Understanding the threats, breaches, and actors out there stops red teams from falling into the trap of always going for the same targets and objectives. Instead of chasing domain admin every time, threat-informed operators shape their attacks around how real breaches happen. That might mean going after production systems instead of test ones, or stepping outside of traditional Active Directory to hit data stores that actually matter.
It could mean mimicking the slow, careful movements of espionage groups rather than the loud, fast tactics of common criminals and ransomware groups. And sometimes, using techniques that might get you caught is the point it forces defenders to react properly and put their response plans to the test. While this post isn't focused on red teaming, it is important to understand it and how it aligns with CTI.
This kind of thinking forces defenders to look deeper. It is no longer enough to block a hash or IP. They have to understand intent, lateral movement patterns, and what behaviour is likely to be benign versus malicious under specific conditions.
Intelligence-led red teaming creates a more adversarial mindset across all areas of the engagement. From infrastructure setup to payload delivery to the operator’s decision-making process, everything is shaped by what real adversaries do.

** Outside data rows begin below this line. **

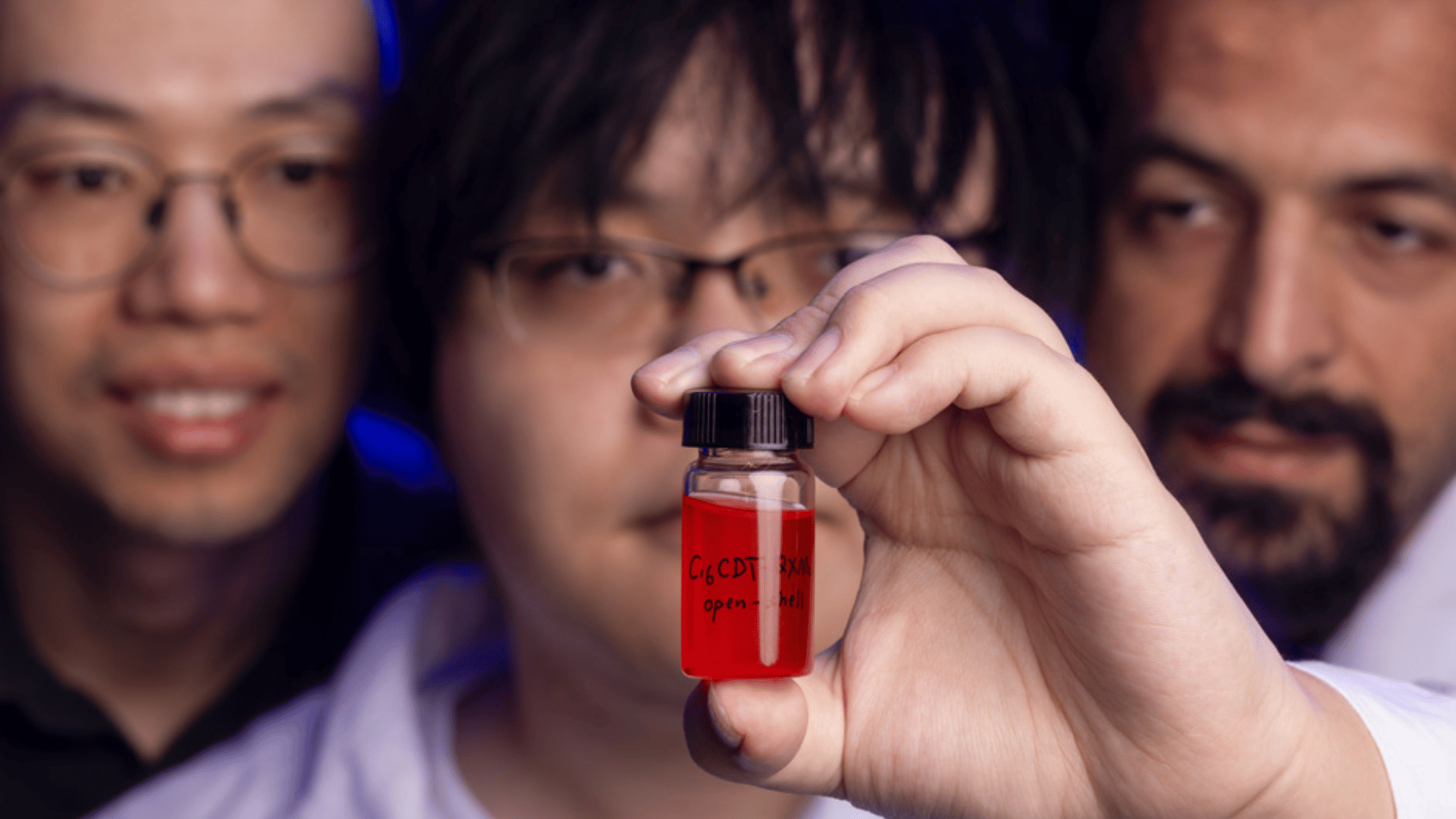 Researchers with molecule solution
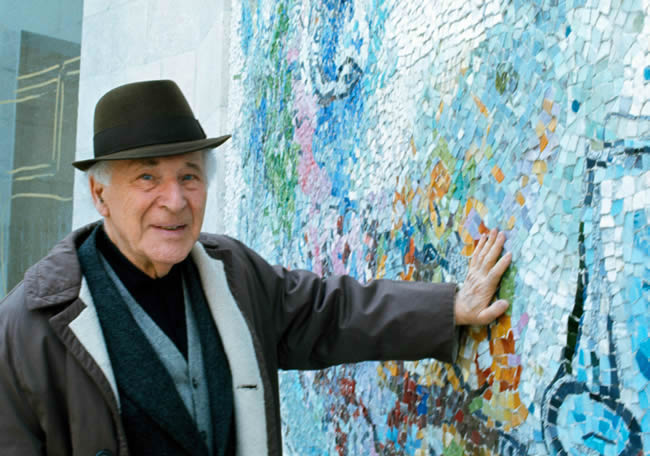 Artist Marc Chagall wearing a hat presses his hand against a wall with blue mosaic designs.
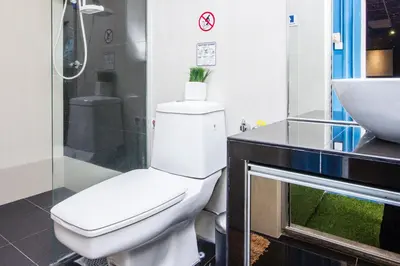 a bathroom with a toilet and a sink at SECRET STUDIO On Factory in George Town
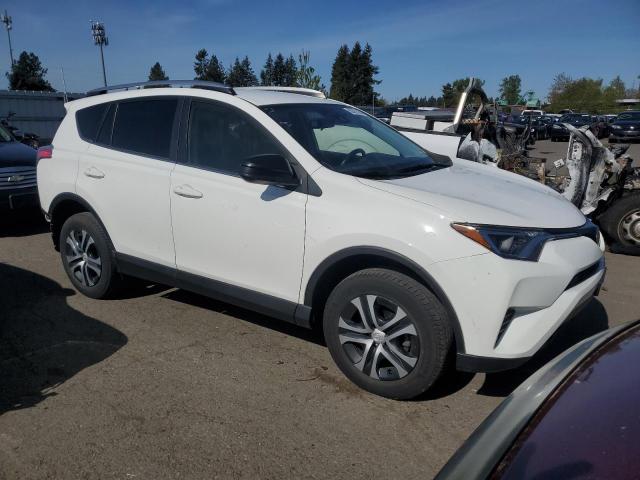 Photo 4 from auction – 2017 TOYOTA RAV4 LE with VIN JTMBFREV8HJ162478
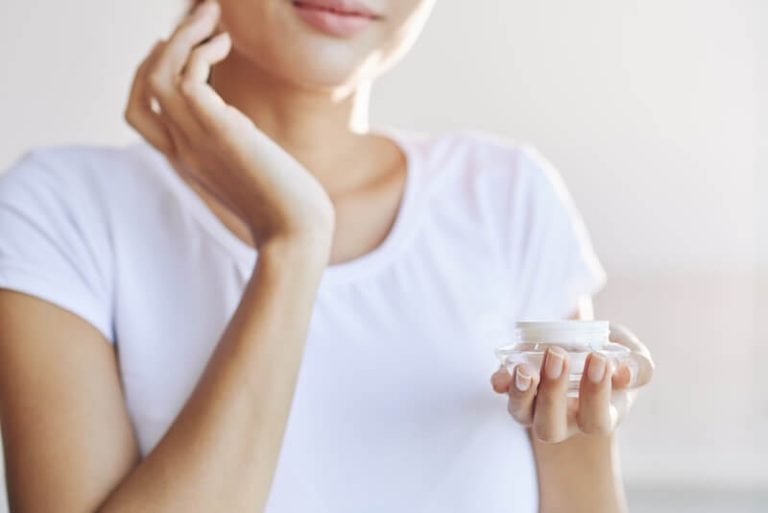 Une femme utilisant de la crème hydratante pour contrer la peau sèche.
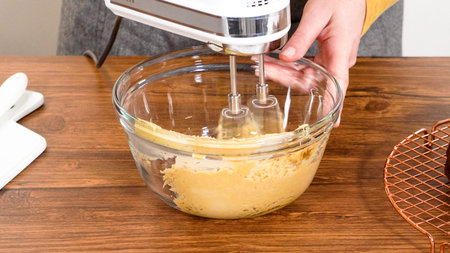 Whipping up salted caramel buttercream frosting in a glass mixing bowl.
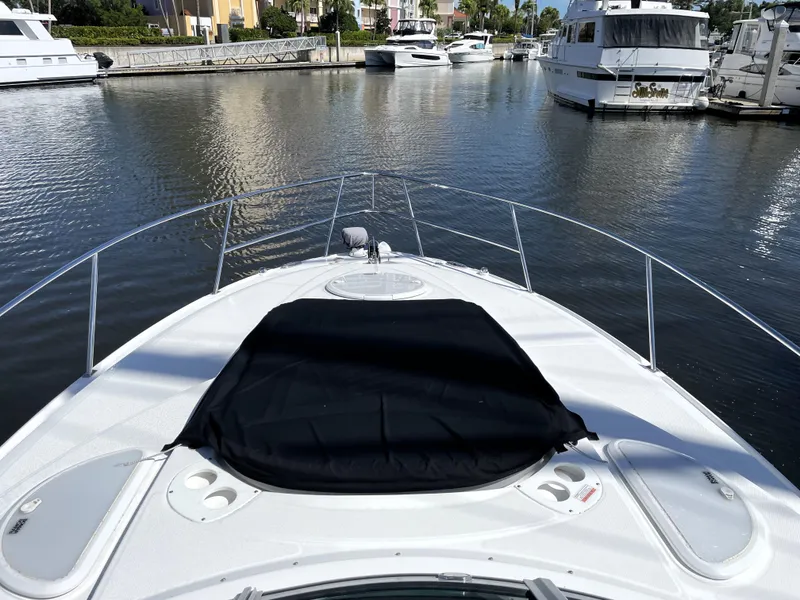 Slide: The Image of 2020 Monterey 345 Sport Yacht on calm marina waters, showcasing sleek design and spacious deck. - 38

CTI Can Uncover Insider Threats Too
It’s not just about APTs, criminals and ransomware groups. CTI also reveals internal risks such as insider threats, abuse of trusted access, poor role separation, or high-value misconfigurations. These are often harder to detect, but can be just as damaging as an external adversary.
A good red team exercise informed by targeted threat intelligence might simulate an insider selling access or using legitimate access to further access to areas like source code or supply chain.
Having the knowledge as to what tools are used by insider threats typically allows an organisation to build detections for those things and understand once again where gaps might exist.
Intelligence Isn’t a Static Feed: It’s an Operational Enabler
CTI is not static and good intelligence should operate in a fluid manner. It is not just another PDF or a feed of indicators to be piped into a SIEM never to be seen again until shit hits the fan. When embedded properly, it becomes an operational component that informs how offensive operations are planned and executed.
This is where offensive threat intelligence shows its true value.
Use it to build infrastructure that reflects real-world attacker setups, from domain names, CDN choice and mirroring the target with TLS configurations to how payloads are staged(or stageless in many cases) and delivered. Having better observability into threat actor mistakes helps you build out your operational security models to avoid them and adapt.
Understand how adversaries pivot, and apply those lessons to test whether your client’s controls are doing anything meaningful in response is a critical point and one that many red teams and offensive security professionals miss.
CTI helps transform a red team from a group running tools to a team acting like adversaries. It sets the tone for realistic engagements that provide far more than a list of vulnerabilities.
Final Thoughts
CTI sharpens red's ability to think like adversaries and, more importantly, to operate like them in a controlled, repeatable, and measurable way. When paired with grounded tradecraft, that mindset enables red teams to deliver real value not just by proving something is exploitable, but by demonstrating how a genuine threat actor would approach it, why they would target it, and how long they might remain undetected.
Ultimately, it is not just about knowing the threats. It is about understanding them deeply enough to become them, temporarily, and then helping defenders learn how to beat them.